Gallardo was not tired of his life of splendor. And they wanted him to renounce it!

Moreover, he thought of the necessities of his own house, where all were accustomed to an easy existence; the full and unembarrassed life of a family which does not count money or worry about its coming in, seeing it drip ceaselessly as from a faucet. Besides his wife and mother, he had taken upon himself another family, his sister, his chattering brother-in-law as idle as though his relationship to a celebrated man gave him the right to vagrancy, and all the troop of little nephews who were growing up and becoming constantly more expensive. He would have to call to an order of economy and parsimony all these people accustomed to live at his cost in merry and open-handed carelessness! And everybody, even poor Garabato, would have to go to the plantation, to parch in the sun and become brutish as rustics! Poor Mamita could no longer gladden her last days with pious generosity dispensing money among the needy women in the ward, shrinking like a bashful girl when her son pretended to be angry at finding she had nothing left of the hundred duros he had given her two weeks before! Carmen naturally would try to cut down expenses, sacrificing herself first, depriving her existence of many frivolities that made it bright.

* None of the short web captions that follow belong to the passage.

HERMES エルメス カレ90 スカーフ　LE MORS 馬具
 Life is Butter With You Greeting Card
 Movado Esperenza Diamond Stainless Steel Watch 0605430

"Curse it!" All this meant the degradation of his family—on his account. Gallardo felt ashamed that such a thing might happen. It would be a crime to deprive them after having accustomed them to luxury. And what must he do to avoid it? Simply get closer to the bulls; to go on fighting as in former times.

He would get closer!

He answered his manager's and Carmen's letters with brief and labored lines that revealed his firm intention. Retire? Never!

He was resolved to be the same as ever, he swore it to Don José. He would follow his advice. "Zas! A thrust, and the beast in his pocket." His courage rose, and he felt equal to taking care of all the bulls in the universe no matter how big they might be.

He was gay toward his wife, although his pride was rather hurt because she doubted his strength. She should hear news after the next corrida! He meant to astonish the public to shame it for its injustice. If the bulls were good, he would be like the very Roger de Flor himself!

Good bulls! This was Gallardo's worry. It used to be one of his vanities that he never gave them a thought, and he never went to see them in the plaza before the corrida.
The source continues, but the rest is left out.